I’ve always had this problem of loving and hating philosophy. I love philosophy’s ability to help me break down some of my walls and to occasionally bring out some of my bullshit, I love it’s ability to grow me and make me feel alive; but I’ve never been sure what it is that I dislike about it, which is a problem when I’m needing to decide whether to do grad work or not.
But I finally get it, it became really clear recently.
To explain it let me begin with this. So, you know how the most annoying thing is when you’re going through something hard, complex, scary or new in your life and your parents give you their ‘awesome’ advice…cause you know….you were really fucking asking for advice lol. It is suffocating, terribly suffocating, because often you want someone to just vent to, and to hear you, to affirm you as this suffering person, not to claim they ‘get’ you by telling you the awesomely objectifying and condensending, ”I know what you’re going through and this is what will solve it.” Often venting IS fixing the problem, we need a vent not advice, and sometimes after venting then we’re open to adivce, but parents…well…in reality yes, they ARE older and wiser than you just because they’ve had more experiences than you, and yes, they probably HAVE had a similar experience and probably have good advice, but giving advice isn’t what helps us grow and face these events. Just because you see what someone is doing wrong, doesn’t mean what will help them is to tell them what they are doing wrong.
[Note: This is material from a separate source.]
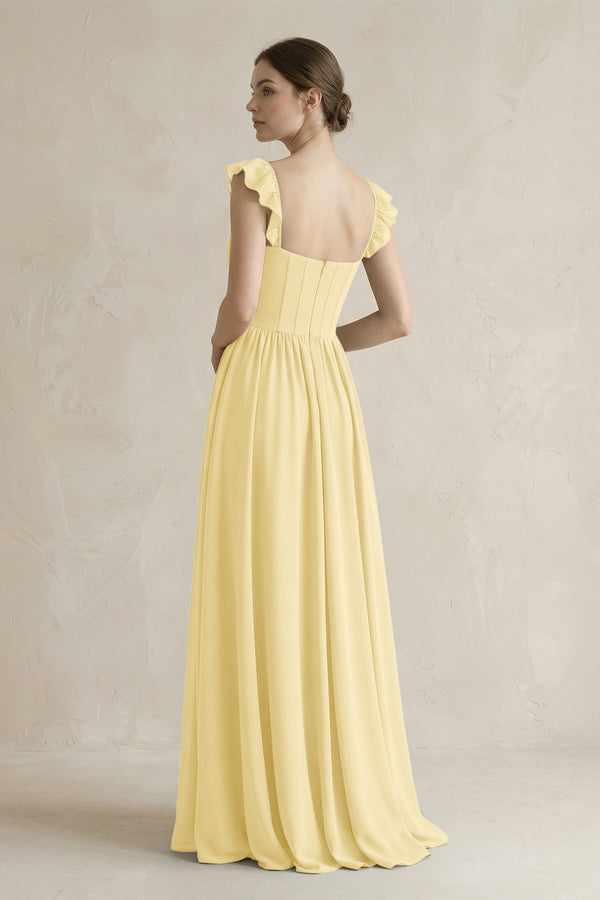Sweetheart Chiffon Ruffled A - Line Corset Bridesmaid Dress in Pastel Yellow - KissProm Bridesmaid Dresses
But you know that feeling when someone is really really listening to you, letting you be, letting you vent, letting you expand and unwind all the coiled up thoughts, tensions and emotions about whatever is going on, it’s that awesome, non-judgemental, active listening (rather than just hearing what we’re doing wrong) that helps people change and grow, or at least be open enough to then hear the advice of their peers.
So, what’s this have to do with my future decsions about academic philosophy you might be impatiently asking? Well, academic philosophy is very often, critiquing and ellucidating what other people are doing wrong. Sure you build on the ideas of those you learn from, but in the end, if you don’t show something to be wrong, or show something to be the correct way of seeing the subject, then, well, you’re not really doing academic philosophy. So, my problem is that what I love about philosophy isn’t what I get in academic philosophy on its own, it doesn’t allow that growth for myself or others, because trying to help someone see something they’re doing wrong by writing a paper about what they are doing wrong would be a failed venture for the reasons mentioned above. And you can’t exactly hold philosophy conferences where the speaker doesn’t speak but just stands there and listens! But don’t hear what I’m not saying here, I’m not hating on academic philosophy here, nor am I saying philosophy professors don’t have this other love of philosophy besides academia, I’m just bringing out what academica philosophy’s nature is; granted, I’m an undergrad, so I don’t know what I’m talking about.
Either way, this is why I cannot do academic philosophy, because what I love about philosophy is not what academic philosophy is. Writing papers about compassion is not the same as practising compassion. Writing papers about truth is not the same as seeking truth. Writing papers about wisdom is not the same as having wisdom. And this is why I cannot do academic philosophy.
But then again, I did just write to you all about the problem I have with academic philosophy; in the end didn’t I just write a article saying what is wrong with something. Well maybe I will do well in academic philosophy after all!